Battlement Mesa Partners, requesting the zoning change for Ursa Resources’ natural gas operations, asked commissioners before a packed hearing room for time to amend the proposal.
“This is a victory for residents,” said Dave Devanney, co-chair of the Battlement Concerned Citizens. “It was clear that public opinion was against the idea of creating an injection well zone in our community, especially one so close to our drinking water supply. Although we may see this proposal resurface in another form, tonight residents of Battlement Mesa can take comfort knowing their water is safe — for now.”
The hearing was moved to the March 8 Planning Commission meeting. The Planning Commission staff last week recommended rejecting the proposal in large part because it is close to the community’s water intake.
“I think it would be in the board’s best interest to allow for a continuance so that we can make changes to our application,” said Eric Schmela, president of Battlement Mesa Co. “A continuance would allow us to bring you more complete information on the request.”

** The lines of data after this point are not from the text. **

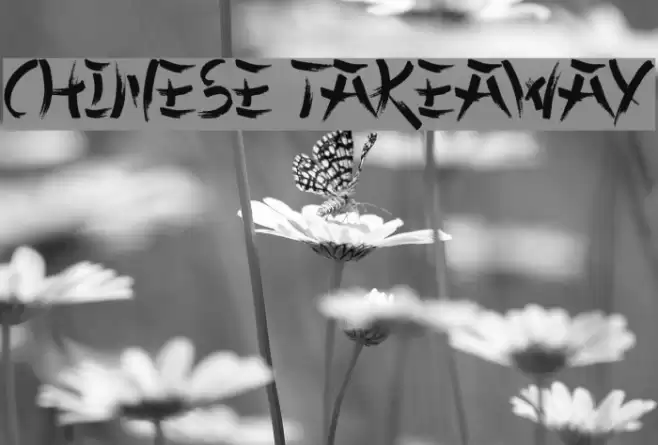 Chinese Takeaway Font examples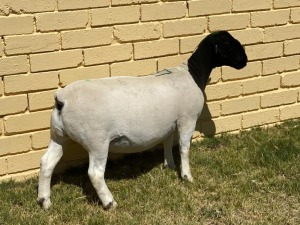 LOT 37 2X DORPER T5 OOI/EWE LEROY PHILLIPS & SON DORPERS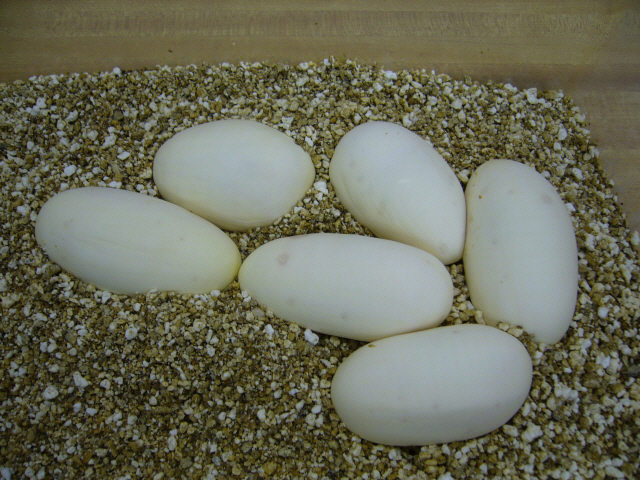 Albino's 2007 clutch - six large eggs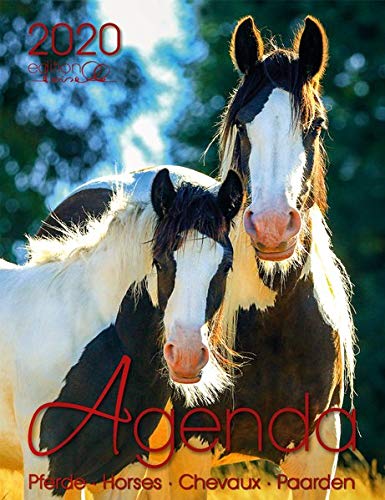 Agenda Pferd 2020: Pferde
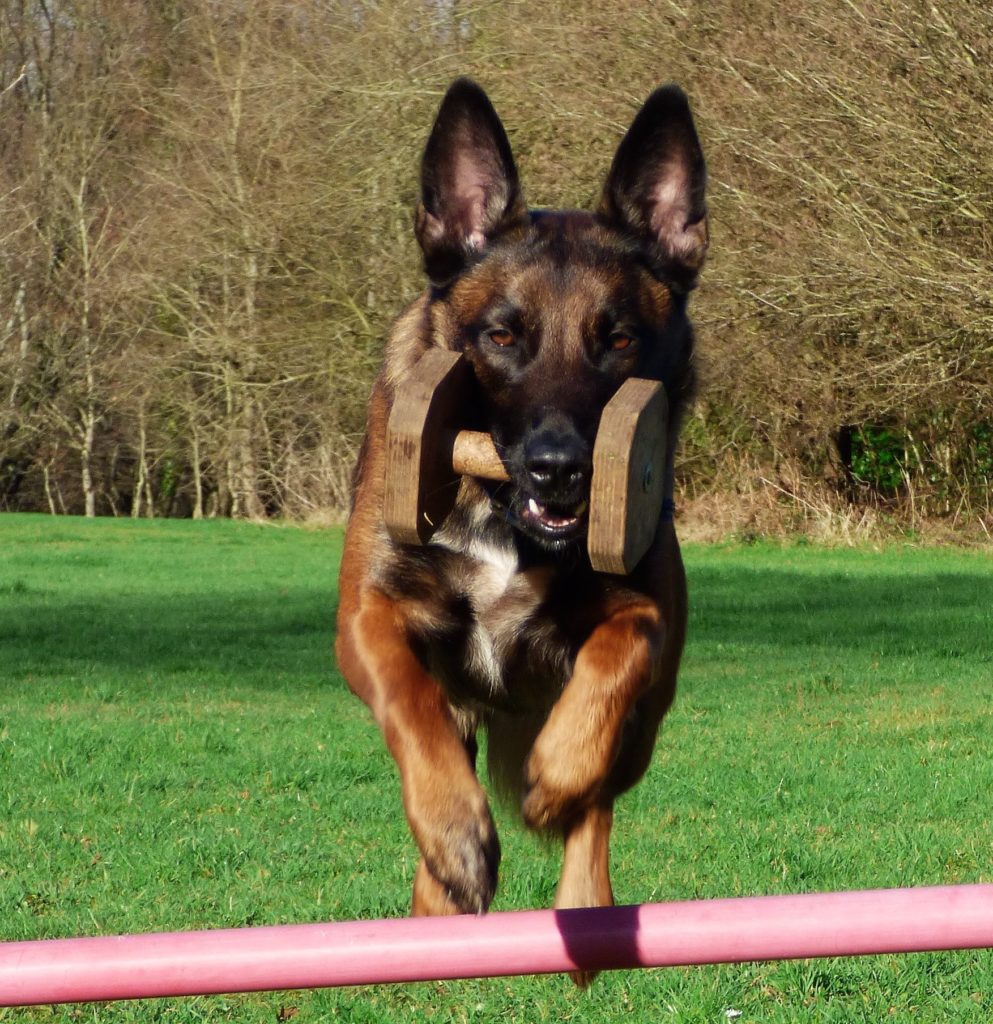 Gros chien pendant Education canine à Auray avec Isabelle Morphy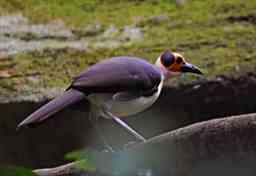 bird in ghana Yellow Headed Picathartes New Edubease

Among the biggest changes would be to change the size of the area requested for rezoning to allow wells to dispose of wastewater from the fracking process. Drilling within the Planned Unit Development already has been approved by Garfield County and the state.
According to Schmela, the revised application will reduce the area of the project by nearly half. The previous proposal sought to rezone 37 acres along the north end of the community by the Colorado River. An updated application will reduce that area by 50 percent, stated Schmela.
Not only will the new application reduce the size of the injection zone, but it will also move the well away from the Colorado River and water treatment intake.
Several organizations have opposed the rezoning, including the Colorado Department of Pubic Health and Environment, which wrote a letter last February recommending that injection wells not be permitted within Battlement Mesa.
“After considering the long-term risk to the public water supply and the flexibility available to the operator when locating Class II injection wells the department recommends that the COGCC deny the permit for the injection well and the associated storage tanks on the Ursa BMC B well pad,” the letter said.
Following Wednesday’s commission meeting, Schmela said the proposed changes to the application will eliminate the B pad.
“This action shows that the people of Garfield County can stand up to the oil and gas companies and have an effect,” said Leslie Robinson, chair of the Grand Valley Citizens’ Alliance. “Even people in support of natural gas development know that injection wells and wastewater disposal are dangerous. A line must be drawn somewhere and residents, the county, and the state made it clear Ursa had crossed it.”
The two citizens groups said they would resist the amended plan and will fight injection wells anywhere in the PUD boundaries.